There are a few small tables and booths inside the snug dining room. Each table sports salt-and-pepper shakers and a bottle of hot sauce for those who want to add a little peppery twang to their tenderloin. Clippings from newspaper and magazine articles about the place dot the walls, along with a large framed photograph of a beaming Florence Williams, captioned with an engraved plaque that reads “#1 Biscuit Maker.” Eat-in patrons carry their tickets up to the counter to pay on their way out, where the cash register sits flanked by carryout containers of homemade cake on one side and two bins of changemaker candy on the other. A handwritten sign states emphatically that all transactions are cash only, but that’s not difficult considering that, even now, a biscuit all-the-way is only a couple of bucks, an astonishingly modest increase over the original $1.10.
Linda reports that 95 percent of her business these days is drive-through. “Drive-up-and-around” might be a better description. When a customer pulls up behind the restaurant, a worker standing outside the back door walks up to the car to jot the order on a notepad, and then carries it inside to the kitchen. The driver pulls around to the front for a brief wait until another worker leans out a window to hand over a bag of hot food. Friendships between the staff (many of whom have worked at Flo’s for long stretches) and the regulars are sustained by no more, and no less, than a few minutes in line each morning, year after year, biscuit after biscuit.
Like her mama, Linda plans to keep working as long as she’s able.
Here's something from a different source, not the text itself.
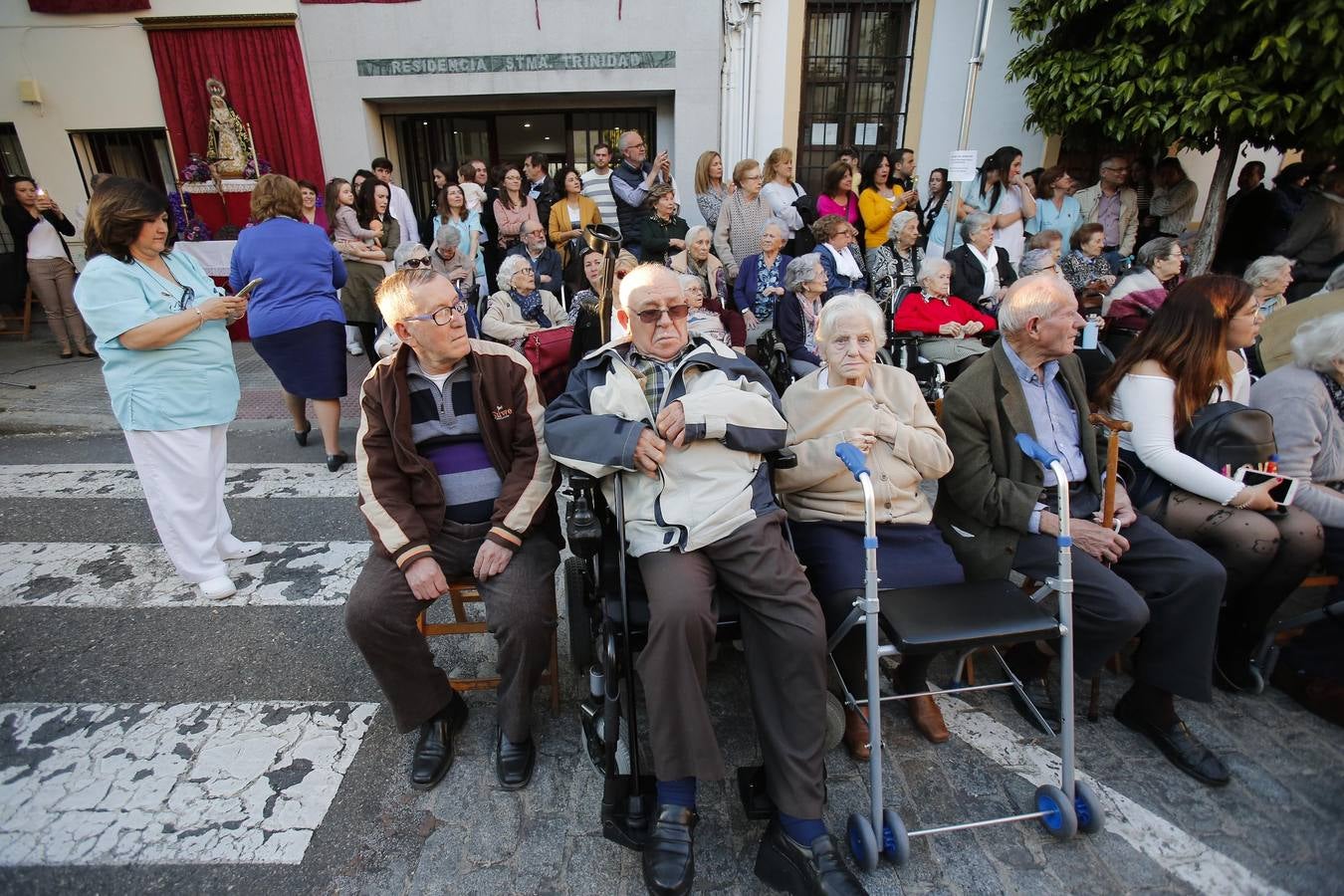 Los vía crucis del Viernes de Dolores, en imágenes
After that, the business will likely go to her daughter and her niece, who has already worked at Flo’s for 20 years. Linda is clearly proud of her business and her mother’s legacy. “It’s easy to grow a business when you start out with everybody in town knowing the owner and the product,” she says. “You don’t need much advertising when customers are tracking down and seeking out what you’re selling, and no marketing plan can beat word-of-mouth endorsements. We treat everybody special. My motto is ‘Come on down to Flo’s, where everybody goes.’ Plus, we work hard. We’ve got stick-to-it-iveness.”